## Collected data
+ + +

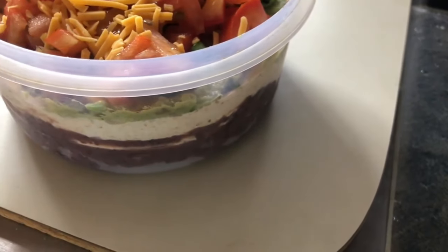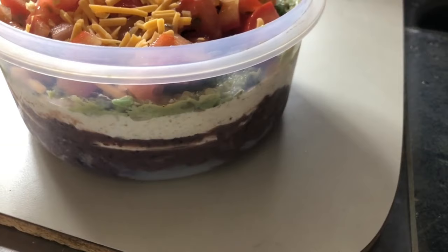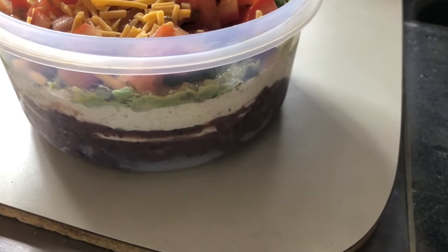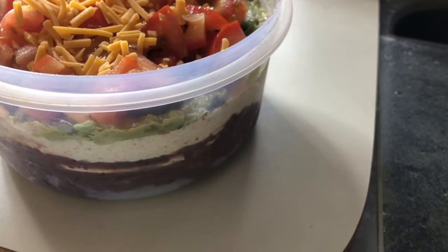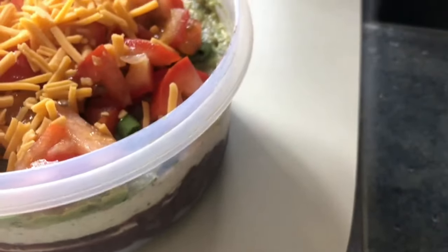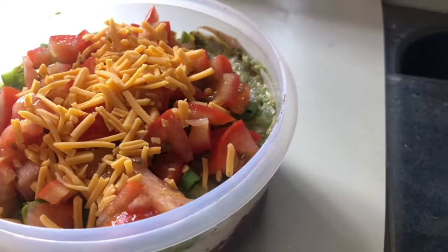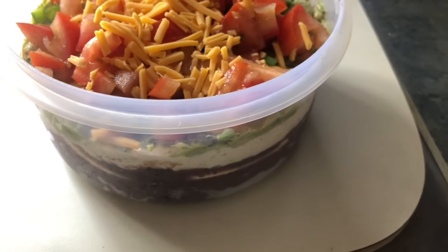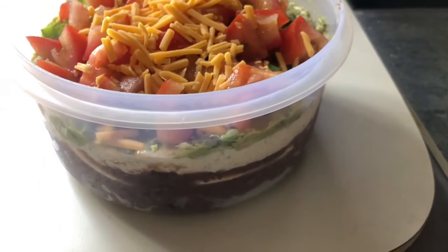I took three-fourths of a can of refried beans and put it on the bottom. Then I mixed about four ounces of sour cream with about four ounces of mayonnaise and added a little homemade taco seasoning. I used the two ripe avocados — I'd bought a bag of them at the farmer's market for a dollar — and added garlic salt to that layer. Then I added green onions from my garden, a roma tomato from the farmer's market, and a little cheese on top. I used up a lot of things that needed to be used and made a great taco dip for dinner. This would cost about $7 at Walmart, and I just used stuff from my fridge.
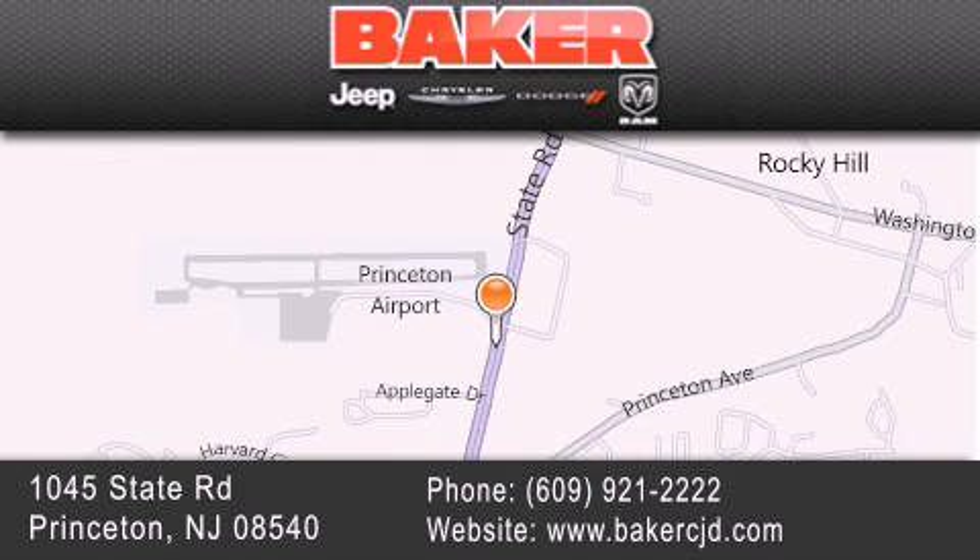Your local Chrysler Jeep Dodge new and pre-owned dealership. We take pride in the vehicles we sell and strive to succeed in great customer experience and satisfaction. Visit us online at BakerCJD.com.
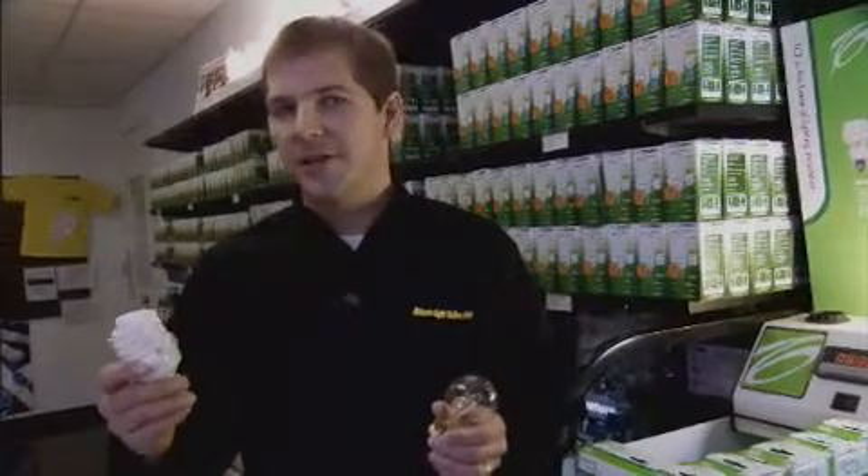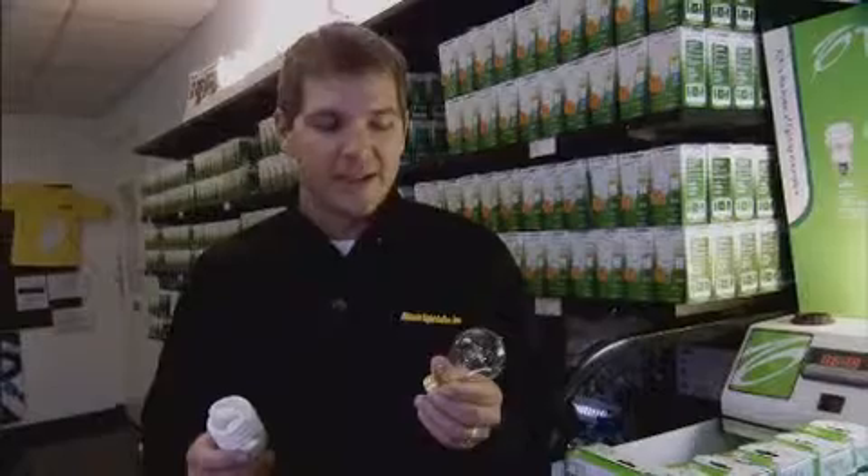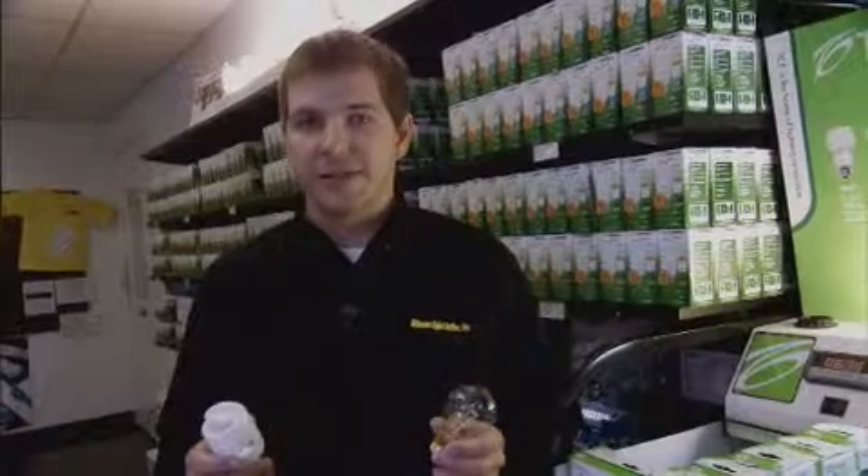Lighting technology has changed greatly over the years. We have the old light bulb, and then we have the new compact fluorescent. The old light bulb has been around for over 100 years, and it's basically like a little heater. It emits most of its energy through heat, so having a bunch of these in your house is like having a whole bunch of little heaters in your house.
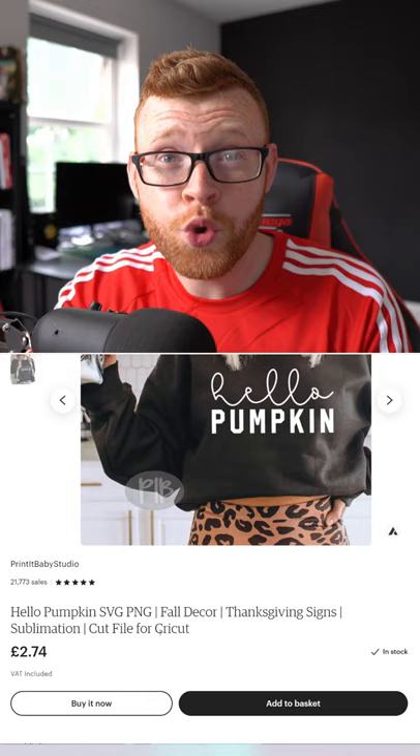If we do the math on that — $3.50 times 21,000 sales — this person has made about $73,000 selling these SVG, JPEG, and PNG files on Etsy.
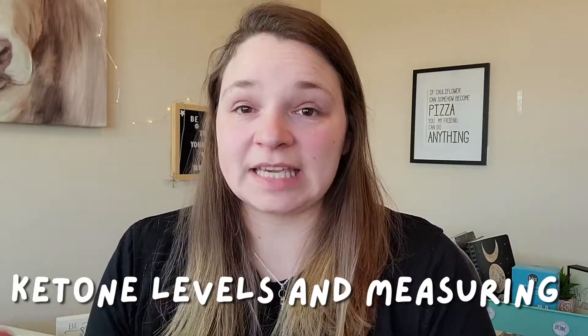First, I want to talk about ketone levels. There are a few ways that you can measure these. You can do a urine test strip, you can do a breath test, and also a blood ketone level test. Now, some of these are more reliable than others. The urine test strips are reliable up to a point, the breath ones are also reliable up to a point, and the most reliable are going to be your blood ketone tests.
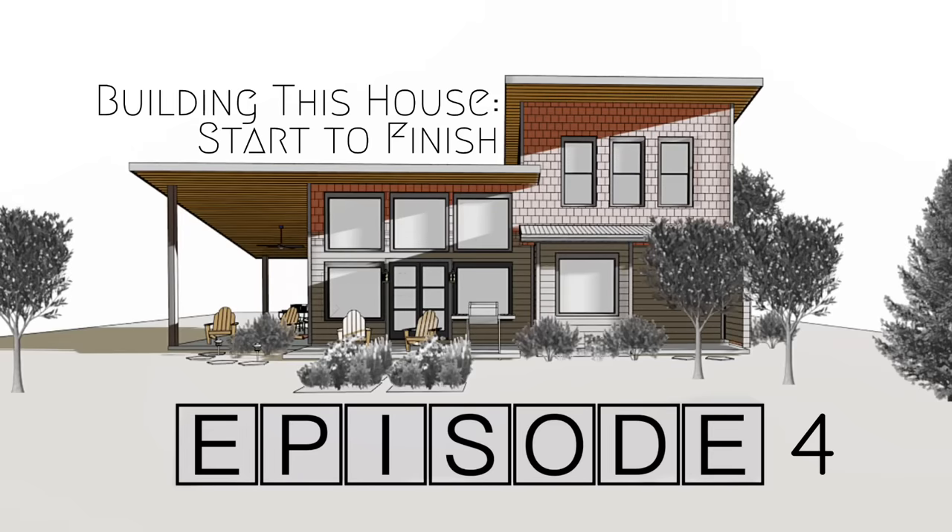Welcome to episode 4 of Building House Start to Finish, sponsored by Skillshare. This week we battled weather, dogs, and even our own children to keep this project moving.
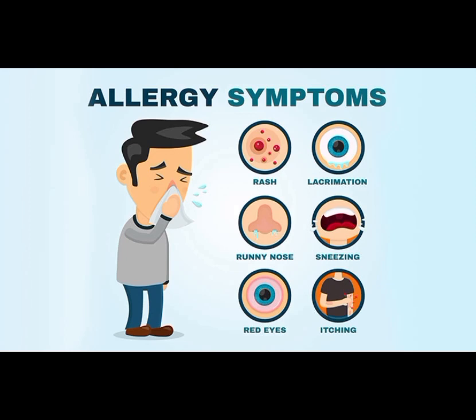These are the different allergy symptoms. First, we have rash, lacrimation, runny nose, sneezing, red eyes, and itching.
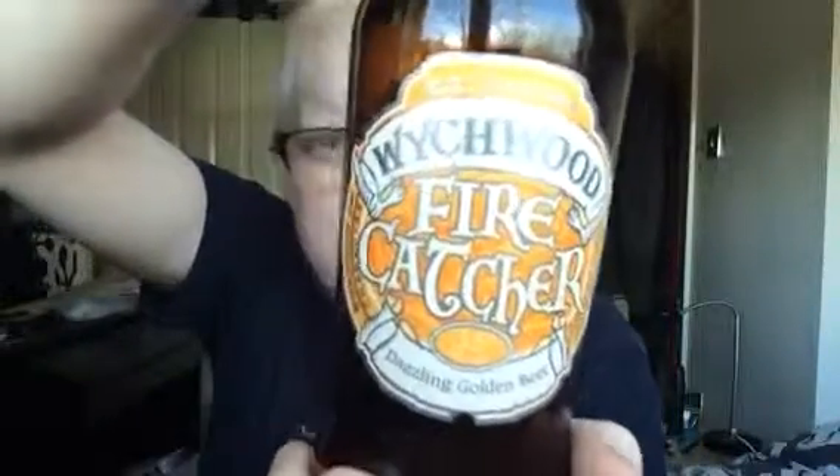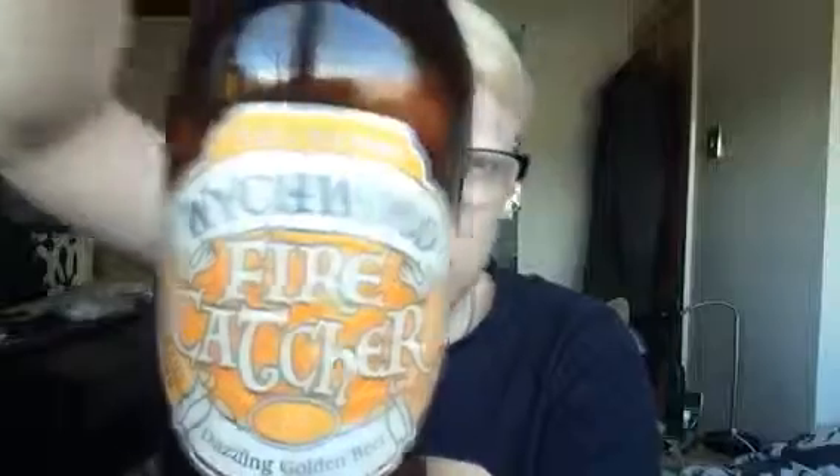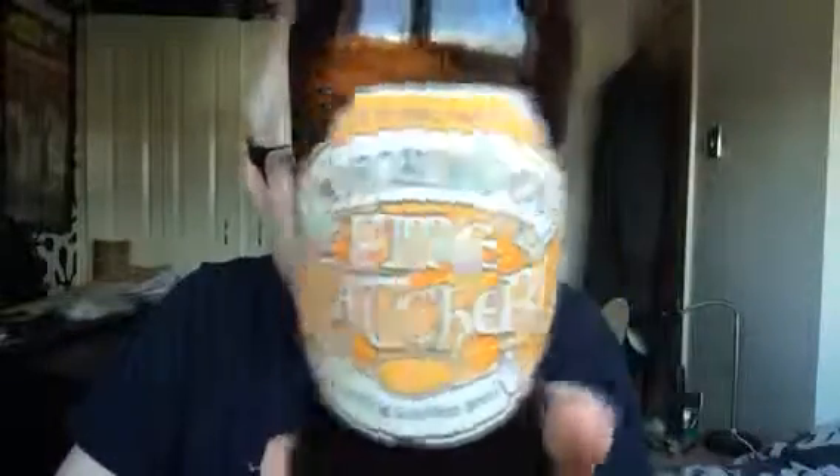Today's beer is from Witchwood, and I'm a big fan of Witchwood. This is the Firecracker — a dazzling golden beer with eagle maltings, which I think is either a hop or a malt. I'm not too sure. I have seen reviews of this but that was a while ago, so I can't really remember what people said about it.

+ + +

Please copy, exactly as written, the lines from the one that contains "These are the" through the end of the records, both ends included. Do not include the pictures.

## SOLUTION FOR THIS PROBLEM
These are the different allergy symptoms. First, we have rash, lacrimation, runny nose, sneezing, red eyes, and itching.
Today's beer is from Witchwood, and I'm a big fan of Witchwood. This is the Firecracker — a dazzling golden beer with eagle maltings, which I think is either a hop or a malt. I'm not too sure. I have seen reviews of this but that was a while ago, so I can't really remember what people said about it.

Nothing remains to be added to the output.